А прежде на «Мосфильме» он доброхотами передавался из объединения в объединение. Все они были творческие, а потому имели номера. Первое, второе, третье… Совсем уже собирался начать работать над «Что-то зазвенело» Виктор Титов, поставивший в своем творческом «номере» «Ехали в трамвае Ильф и Петров» и «Здравствуйте, я ваша тетя!», знаю с его слов об этом. Но ему сказали: «Да ты что!» Потом мне сообщили, что рассказ взялся читать сам Данелия, сейчас он за границей, но через неделю вернется…
К этому времени «Происшествие в Никольском» тихо разобрали в «Новом мире». Был роман в типографских литерах, и нет его. Не балуй. А когда мне показали места, вызвавшие особое непонимание Китайского проезда (там беспорочно и в тепле пребывал Главлит), я мысленно принес извинения Анне Самойловне Берзер. Все, что она убирала из моих текстов, и все, что я, самонадеянный (или обнаглевший) автор, со словами: «Не согласен с правкой редактора» восстанавливал, и привело к потоплению романа. Рукописи не горят, но тонут. И никаких имен надзирателей над соблюдением литературной нравственности нигде не было. Виднелись лишь мягкие карандашные пометки… Однажды судьба занесла меня в Дом на Набережной. Борис Николаевич Голубовский, тогда главный режиссер театра Гоголя, задумал в шестьдесят восьмом году поставить спектакль по роману «После дождика в четверг». Вместе с женой он проживал в квартире покойного тестя – начальника цензуры тридцатых годов. Был приятный разговор благополучных гостей за легкомысленным и сытным столом, и кто-то предположил, что мрачные тени из дома уже изошли, и, наверное, стоит вспомнить о чем-либо веселом. «А сейчас! – было сказано. – Вот это, пожалуй, может показаться забавным…» И был явлен гостям белый конверт с резолюцией, исполненной красными чернилами (или красным карандашом, не помню): «Печатать разрешаю. И. Сталин». Довоенный хозяин квартиры, видимо, посчитал, что его должность не позволяет решить столь ответственный случай и отважился обратиться за подмогой к высочайшей инстанции. Слова: «Печатать разрешаю» определили судьбу стихотворения Самуила Яковлевича Маршака «Мистер Твистер». Гости поразглядывали резолюцию и сошлись на мнении: «Действительно, забавно…»

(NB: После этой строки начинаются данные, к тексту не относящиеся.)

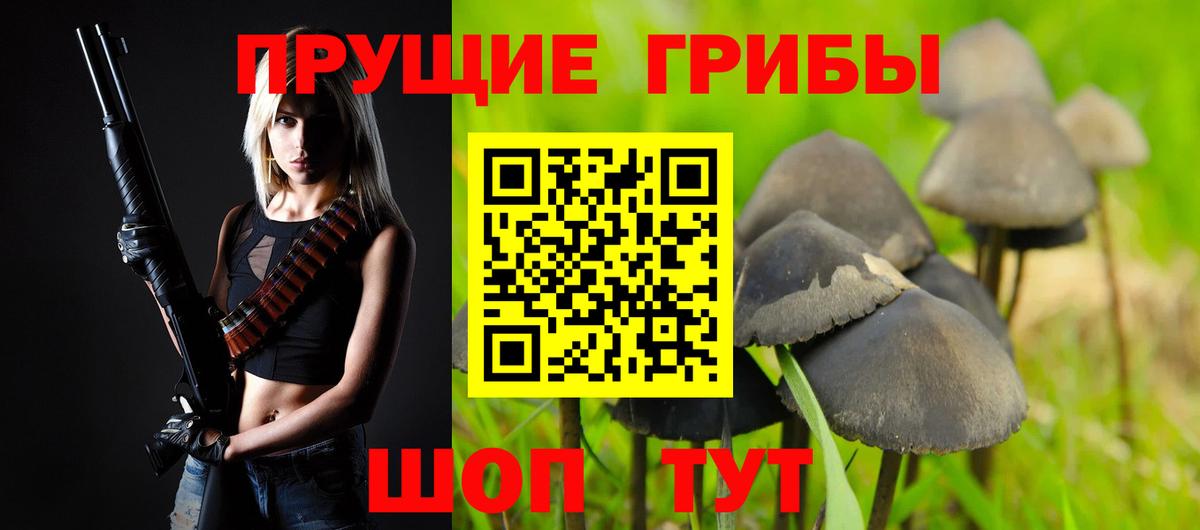 Псилоцибиновые грибы GOLDEN TEACHER  Вход с VPN  Сердобск 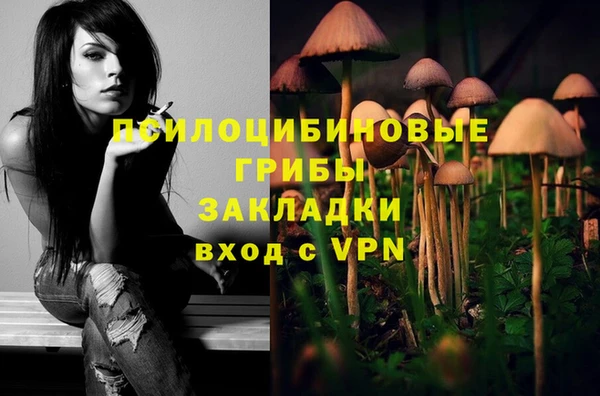 каннабис Абаза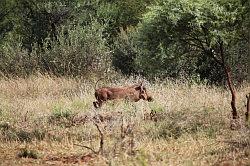 Madikwe - safari; wrattenzwijn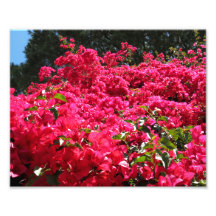 Bougainvillea Field Photograph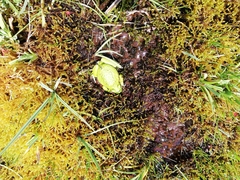 Gastrotheca pseustes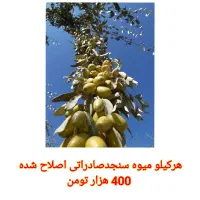 فروش نهال سنجد اصلاح شده صادراتی|خدمات باغبانی و درختکاری|نیشابور, دارایی|دیوار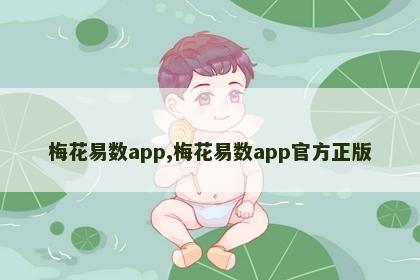 梅花易数app,梅花易数app官方正版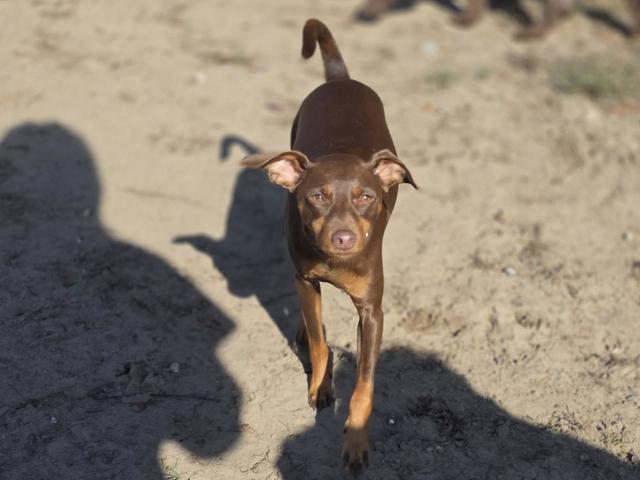 Brown dog playing in the sand in the sun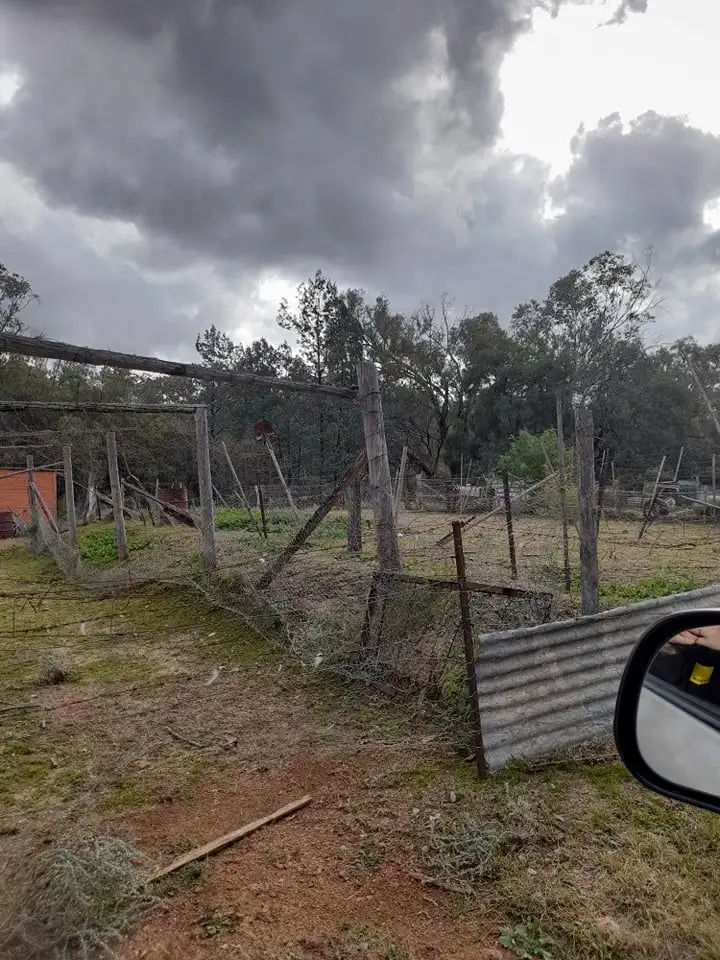 Sixth view of Homely other listing, 3 Bligh Street, Bingara NSW 2404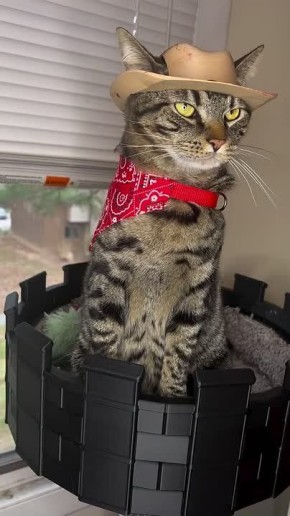 ������ ����� 3D-������� � ��������� � ������ �� ������ ���� �������� ���� � ����� ������: ��������� ��� ������� ����������� �� �������� �����, �������� � ������� ��������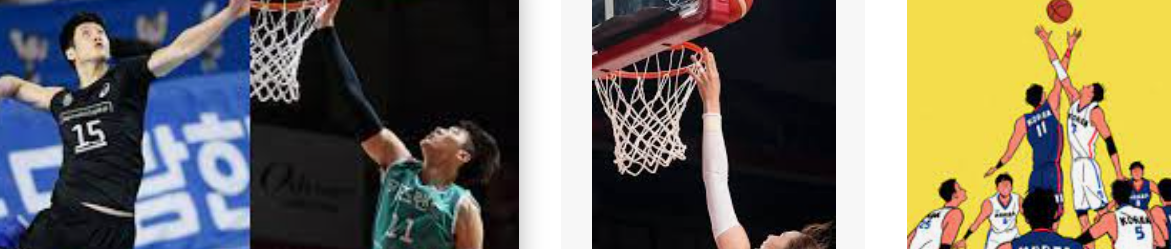 농구 배구 겨울 스포츠 인 이유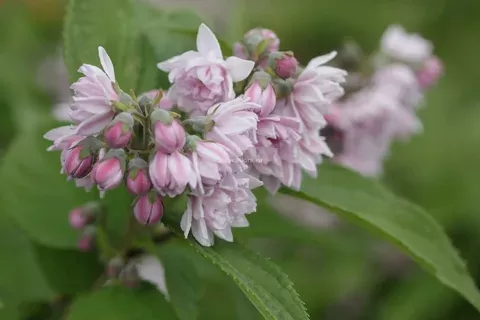 النباتات المعمر_نبتة الأشخر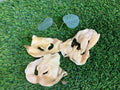 Lamb Snouts UTA Kennels
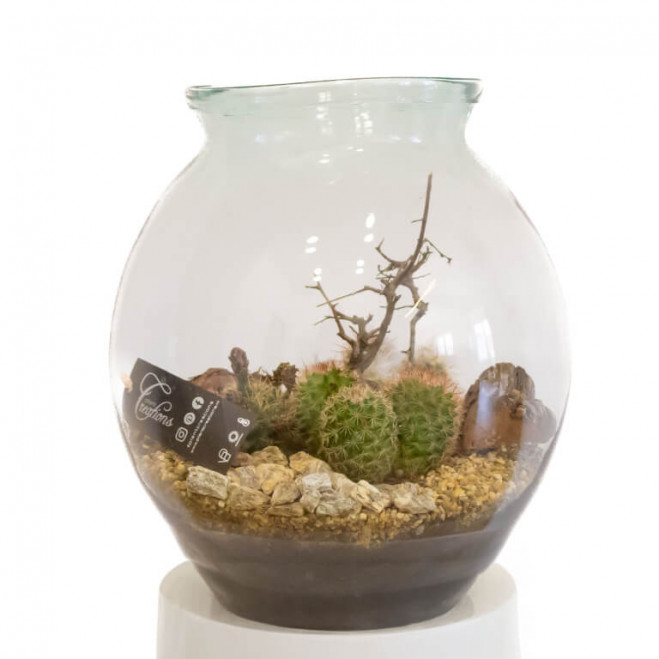 Comprar Carcross Barcelona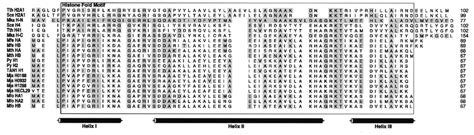 Multiple sequence alignment of prokaryotic histone and …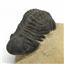 Reedops TRILOBITE Fossil Morocco 390 Million Years old #15166 11o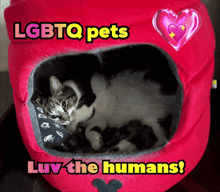 a cat is laying in a pink dog bed with the words lgbtq pets luv the humans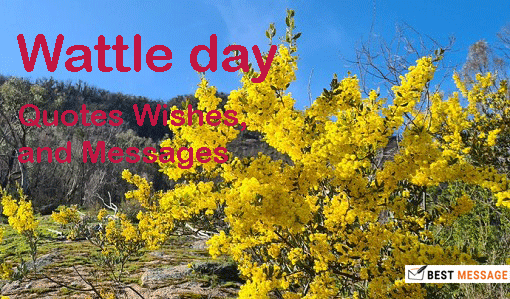 wattle day quotes wishes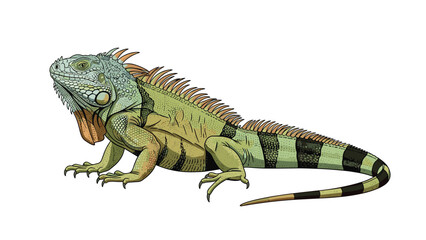 Fototapeta premium Detailed side view illustration of a green iguana with its characteristic spikes, scales, and long tail on a white background.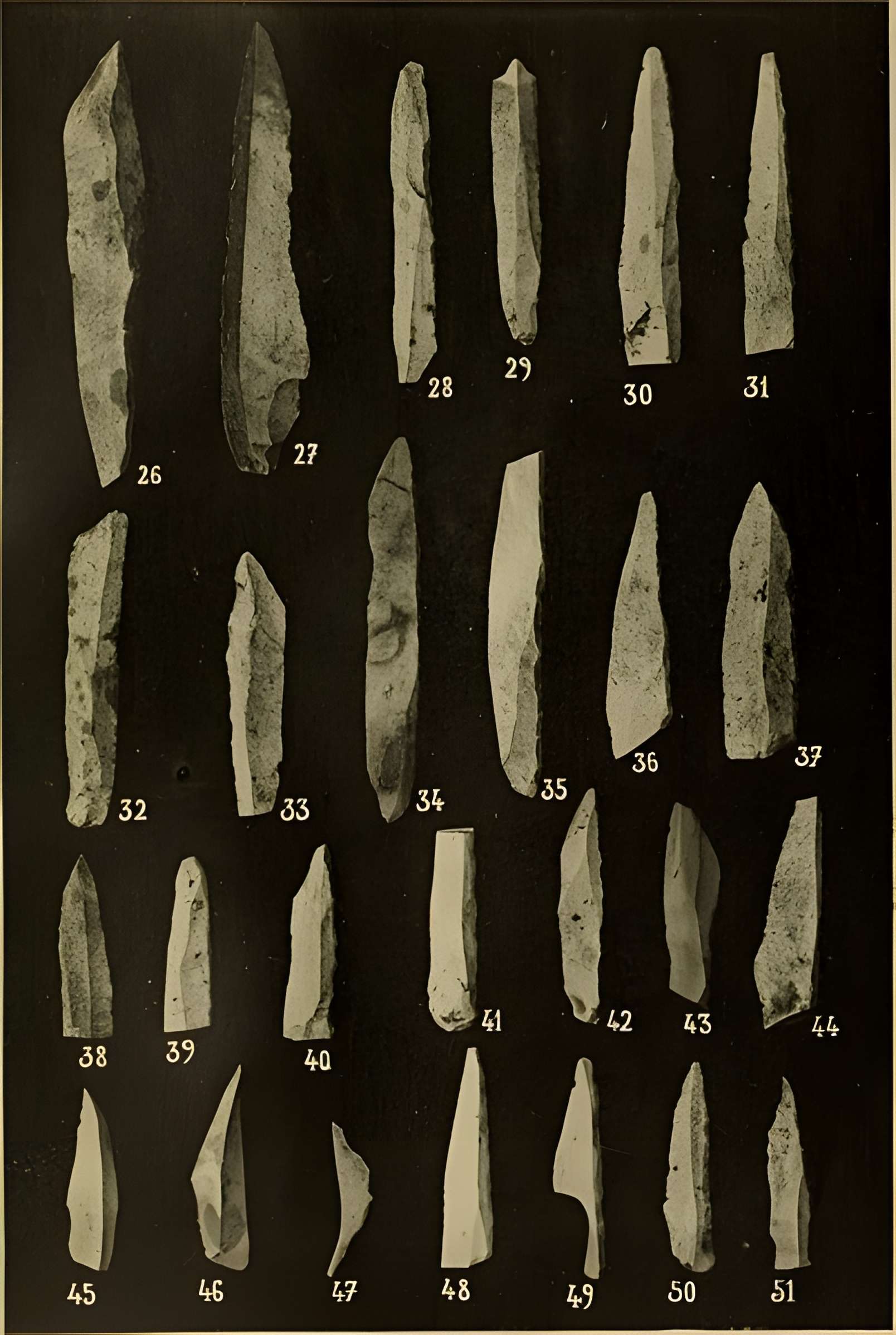Abri sous roche de la Colombière à Neuville-sur-Ain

А я после беды (моей) в «Новом мире» получил послание из издательства «Советский писатель». Перед тем я вычитал вторую сверку «Происшествия», а тонкими литературными людьми была уже произведена профилактическая штопка, то есть через месяц через два должен был бы привезен на склады и в магазины тираж книги. Из послания выходило, что по каким-то причинам текст был прочитан заново и с ясной головой, и требуется просветление. Уж больно мрачными и несоответствующими реалиям жизни при боковой подсветке увиделись происшествия с молодыми людьми, ровесниками строителей БАМа, что без решительного просветления обстоятельств романа, книга могла бы оказаться вредной. Людей из редакции русской прозы, почти допустивших выход книги в свет, облагодетельствовали выговорами и лишили календарных премий.